Pendulums became a feature of regular and accurate timekeeping in 1656 thanks to Christiaan Huygens. These pendulums were encased in wood and then mounted on walls. Soon after, the grandfather clock was born.
Rudimentary battery electric clocks were developed in 1840, and the first self contained battery-driven clock appeared in 1906. The development of quartz crystal by 1929 increased time keeping accuracy even further."
"He adored all clocks and watches. In the end there were no fewer than seven clocks in his bedroom (their ill-synchronized chiming drove his attendants mad), while another clock in the antechamber told not only the hour but also the direction of the wind.

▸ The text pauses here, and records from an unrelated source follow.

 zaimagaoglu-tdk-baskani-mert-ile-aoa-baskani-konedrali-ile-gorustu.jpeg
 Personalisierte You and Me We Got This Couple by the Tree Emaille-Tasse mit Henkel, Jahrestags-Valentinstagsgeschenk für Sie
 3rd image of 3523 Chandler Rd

Hooke's balance-spring action was demonstrated in front of the King, while the royal accounts contain many items for the purchase of further clocks. The sun-dial (in the Privy Garden) had a particular function for the King used it to set his watch by."

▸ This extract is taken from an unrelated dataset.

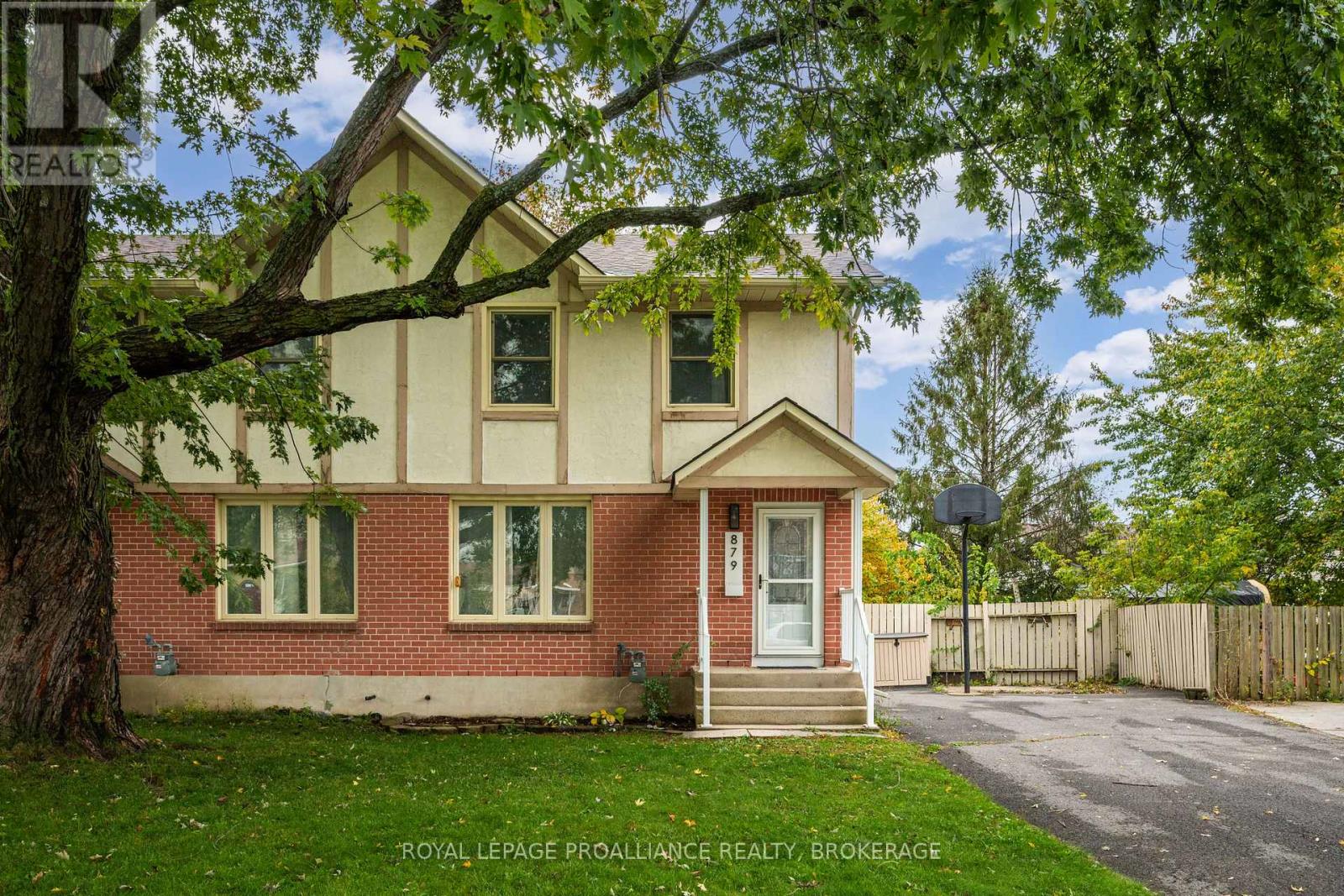 879 BEACONHILL COURT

It strikes me here (no pun intended) that Louis XVI, France's last king before the revolution (the one who was decapitated) was also very fond of clocks. He even repaired them as a hobby...

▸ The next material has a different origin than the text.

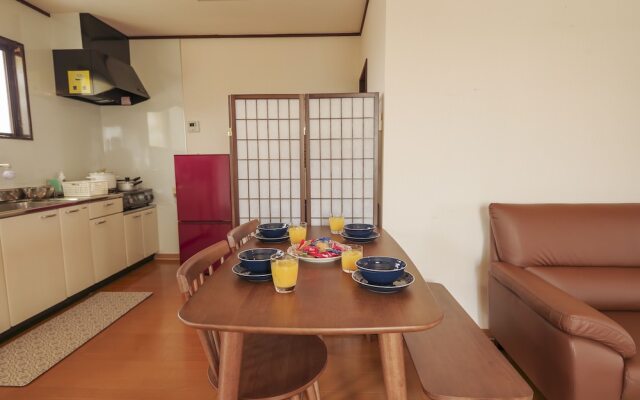 Maru House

I wonder if Charles I had been equally fond of clocks - if so the analogy would be striking (Oh! I did it again...)
"Pendulums became a feature of regular and accurate timekeeping in 1656 thanks to Christiaan Huygens."
On his two voyages to the West African Coast in 1661 and 1663, Holmes carried out successful experiments for Huygens on his clock for the measurement of longitude.
Estimable entymologist Michael Quinion had this to say about the source of the word "watch" for a time-keeping device in his 30 March newsletter (yes, I'm that far behind on my reading):
Q. I was thinking about my wristwatch the other evening and started wondering why we call small timepieces watches. Is it because we look at them to tell the time, or were they originally intended to tell the watches of the night? I was tempted to give up on the question by saying that we call them watches because "forks" was already in use, but that lacked the intellectual satisfaction I have come to enjoy from your columns. [Fred Roth]
A. The watches of the night is pretty much bang on as an answer.
A watch related to people before it became a mechanical device. The job of the watch was - obviously enough - to watch, to stay alert during the night hours to keep guard and maintain order. It turned up especially in the phrase "watch and ward", as a legal term that summarised the duties of the watchmen - to keep watch and ward off trouble. Sailors' watches come from the same idea.
"Watch" started to be applied to clocks in the fifteenth century, in the first instance to a form of mechanical alarm, presumably either to wake the watchmen for their hours of duty, or to mark the passage of the hours of a watch.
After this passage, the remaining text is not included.